I would like to revisit these questions to show how perspective and opinions get in the way.
It has been stated that adult elephants cannot jump. We will skip varying definitions of "adult" and accept that it refers to elephants who are post-pubescent.
The statement is accepted as true, but only by consensus. People who study elephants have never seen anybody manage to get an adult elephant to jump, so it is accepted as truth. And then, it must be clarified as follows: No adult elephant can jump, if by jumping we mean the state of having no feet on the ground at the same time after propelling oneself from a stationary position.
But such a truth cannot be proven. Every single adult elephant that ever existed would have had to be tested, or the statement would have to say that no "living" elephant can jump, eliminating all past elephants from the statement since they were not tested. Even there, if an elephant could jump, it would be known that jumping is so difficult, so we would have to find some reason that each elephant would have no choice but to jump. It wouldn't be a fair test to just say "Jump" or reward any jump with a treat.
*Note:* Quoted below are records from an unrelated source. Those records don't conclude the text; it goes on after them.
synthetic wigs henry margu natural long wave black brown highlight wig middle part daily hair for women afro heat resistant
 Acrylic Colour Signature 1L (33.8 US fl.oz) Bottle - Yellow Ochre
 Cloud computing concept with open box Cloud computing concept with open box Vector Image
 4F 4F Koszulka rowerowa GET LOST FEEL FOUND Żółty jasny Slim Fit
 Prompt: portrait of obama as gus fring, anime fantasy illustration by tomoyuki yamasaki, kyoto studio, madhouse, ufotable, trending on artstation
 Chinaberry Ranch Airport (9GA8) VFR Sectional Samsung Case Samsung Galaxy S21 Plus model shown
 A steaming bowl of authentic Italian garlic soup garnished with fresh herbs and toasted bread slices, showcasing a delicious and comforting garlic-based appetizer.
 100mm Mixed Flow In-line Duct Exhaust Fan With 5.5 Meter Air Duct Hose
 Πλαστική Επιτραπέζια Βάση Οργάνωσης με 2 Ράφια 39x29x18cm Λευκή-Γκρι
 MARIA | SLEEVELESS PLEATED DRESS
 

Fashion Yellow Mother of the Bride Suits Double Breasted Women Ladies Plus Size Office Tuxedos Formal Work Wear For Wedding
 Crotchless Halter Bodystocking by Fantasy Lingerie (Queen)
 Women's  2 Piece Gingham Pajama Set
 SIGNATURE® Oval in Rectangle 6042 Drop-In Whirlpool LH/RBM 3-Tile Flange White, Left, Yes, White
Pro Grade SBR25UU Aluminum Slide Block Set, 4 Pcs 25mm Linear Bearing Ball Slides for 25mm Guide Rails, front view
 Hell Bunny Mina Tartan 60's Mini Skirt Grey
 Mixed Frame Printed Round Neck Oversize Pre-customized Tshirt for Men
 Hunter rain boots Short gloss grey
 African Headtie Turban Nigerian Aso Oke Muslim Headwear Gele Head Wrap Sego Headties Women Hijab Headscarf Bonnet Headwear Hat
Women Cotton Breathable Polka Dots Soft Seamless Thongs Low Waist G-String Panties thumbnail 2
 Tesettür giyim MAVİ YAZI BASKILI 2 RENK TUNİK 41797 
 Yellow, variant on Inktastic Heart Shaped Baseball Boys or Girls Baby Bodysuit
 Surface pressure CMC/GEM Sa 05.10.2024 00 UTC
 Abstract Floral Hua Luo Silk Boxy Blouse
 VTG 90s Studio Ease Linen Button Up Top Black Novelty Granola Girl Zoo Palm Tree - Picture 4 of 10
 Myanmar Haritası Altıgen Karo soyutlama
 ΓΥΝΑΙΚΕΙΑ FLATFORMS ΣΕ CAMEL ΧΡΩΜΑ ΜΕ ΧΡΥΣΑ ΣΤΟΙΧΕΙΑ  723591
So, the statement (with clarifiers) that adult elephants cannot jump is accepted as true, although it could never really be "proven."
And it is always possible that, in the future, something that is clearly an elephant, will manage to "jump." Then this unproven truth will change. Or it can be said at that time that anything unproveable was only a theory, so this theory was "wrong" or else needed more clarifiers to make it true.
I know.... I know..... There are already some who say they have seen elephants "jump" at the circus. There will even be those that insist that their minds are not wrong, their memories are not false. Their anecdotal evidence will have to be dismissed unless credible evidence can be made available to people who study things like whether elephants can jump or not. The experts will say how those elephants were not in a stationary position or were not propelled by themself or that (most likely) the elephant lifted front legs then rear legs at separate times and never actually had all four feet off the ground at the same time. No matter how much these circus-goers insist, they will have to be accepted as "wrong", "mistaken", "tricked" or something of that sort.